Querying Databricks Iceberg tables using Presto engine
About this task
You can query remote Databricks Iceberg tables using the IBM® watsonx.data Presto engine by registering Databricks as a custom data source for zero-copy data federation.
- Presto connects to Databricks through the Iceberg REST Catalog API interface, not Unity Catalog API directly.
- Presto does not currently support vended-credentials for Databricks integration.
- You must configure explicit storage credentials (AWS S3 and Azure Data Lake Storage Gen2) to access the underlying data files.
- Presto supports Iceberg tables only; Delta Lake tables are not supported.
- For general information about Databricks Unity Catalog integration, see Integrating Databricks Unity Catalog in watsonx.data.
Before you begin
Complete the prerequisites outlined in Integrating Databricks Unity Catalog in watsonx.data, including:
- Databricks workspace with Unity Catalog enabled
- Iceberg tables created in Databricks Unity Catalog
- Personal Access Token with
unity-catalogAPI scope - Workspace URL:
https://<workspace-instance>.cloud.databricks.com - Unity Catalog permissions configured
- Provisioned Presto engine in watsonx.data
- Iceberg REST Catalog endpoint:
https://<workspace-instance>.cloud.databricks.com/api/2.1/unity-catalog/iceberg-rest - Catalog name: Name of the Unity Catalog containing Iceberg tables
- Access credentials for the external storage location (AWS S3 or Azure)
Use of vended credentials is currently not supported. Hence, Presto requires explicit storage credentials.
Procedure
-
Register Databricks as a custom data source
-
In the watsonx.data console, click Infrastructure manager.
-
Click Add component > Add data source.
-
Select Custom as the data source type.
-
Enter a display name (e.g.,
databricks_iceberg). -
In the Properties section, add the following properties:
For AWS S3:
connector.name=iceberg iceberg.catalog.type=rest iceberg.rest.uri=https://<workspace-instance>.cloud.databricks.com/api/2.1/unity-catalog/iceberg-rest iceberg.rest.auth.type=OAUTH2 iceberg.rest.auth.oauth2.token=<databricks-access-token> iceberg.catalog.warehouse=<catalog-name> hive.s3.aws-access-key=<aws-access-key> hive.s3.aws-secret-key=<aws-secret-key>For Azure Data Lake Storage Gen2:
connector.name=iceberg iceberg.catalog.type=rest iceberg.rest.uri=https://<workspace-url>/api/2.1/unity-catalog/iceberg-rest iceberg.rest.auth.type=OAUTH2 iceberg.rest.auth.oauth2.token=<databricks-access-token> iceberg.catalog.warehouse=<catalog-name> hive.azure.abfs-storage-account=<storage-account-name> hive.azure.abfs-access-key=<storage-account-key>Replace the placeholders in the 2 storage properties as follows:
<workspace-url>: Your Databricks workspace URL<databricks-access-token>: Your Databricks personal access token<catalog-name>: The Unity Catalog name containing your Iceberg tables- Storage credential placeholders with your actual credentials
-
Click Create.
-
-
Create a catalog for the data source
- Click Data manager > Catalogs.
- Click Create catalog.
- Select Iceberg as the catalog type.
- Enter a catalog name (e.g.,
databricks_catalog). - In the Data source field, select the custom data source you created (
databricks_iceberg). - Click Create.
-
Associate the catalog with Presto engine
- Click Infrastructure manager.
- Select your Presto engine from the list.

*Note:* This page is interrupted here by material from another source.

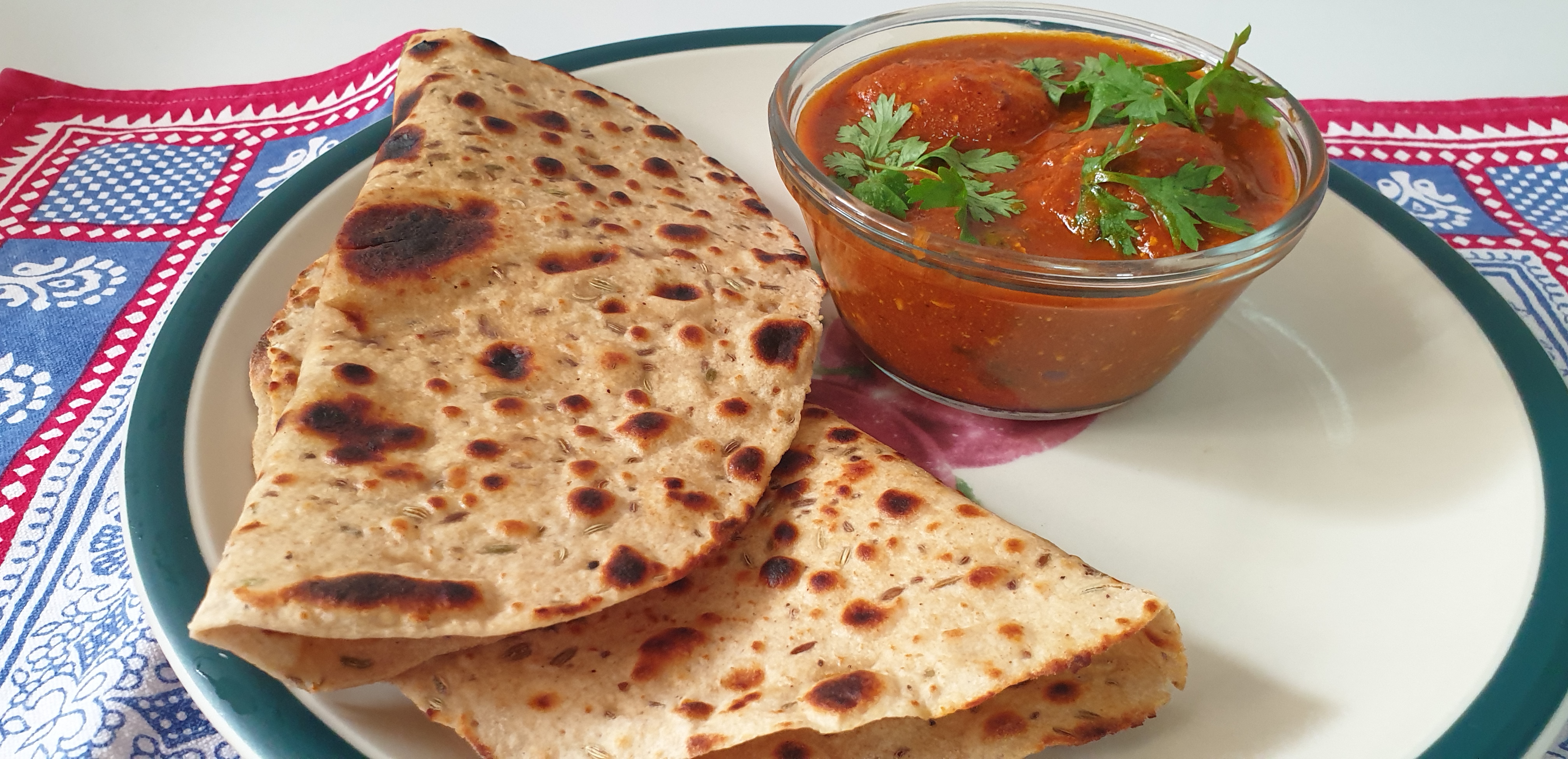 Kashir Roti Kashmiri Roti | My Cooking Diaries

- Click Associate catalog.
- Select the catalog you created (
databricks_catalog). - Click Associate.
-
Query Databricks Iceberg tables
-
Click Query workspace.
-
Select your Presto engine from the engine dropdown.
-
Run queries against your remote Databricks Iceberg tables using fully qualified table names:
-- List available schemas (namespaces) SHOW SCHEMAS IN databricks_catalog; -- List tables in a schema SHOW TABLES IN databricks_catalog.<schema_name>; -- Describe table structure DESCRIBE databricks_catalog.<schema_name>.<table_name>; -- Query data SELECT * FROM databricks_catalog.<schema_name>.<table_name> LIMIT 10; -- Get row count SELECT COUNT(*) FROM databricks_catalog.<schema_name>.<table_name>; -- Filter and aggregate SELECT column1, COUNT(*) as count, AVG(column2) as avg_value FROM databricks_catalog.<schema_name>.<table_name> WHERE column3 > 100 GROUP BY column1 ORDER BY count DESC;
-
Results
You can now query Iceberg tables from Databricks Unity Catalog using Presto. The queries execute directly on the data in the external storage location without copying data into watsonx.data.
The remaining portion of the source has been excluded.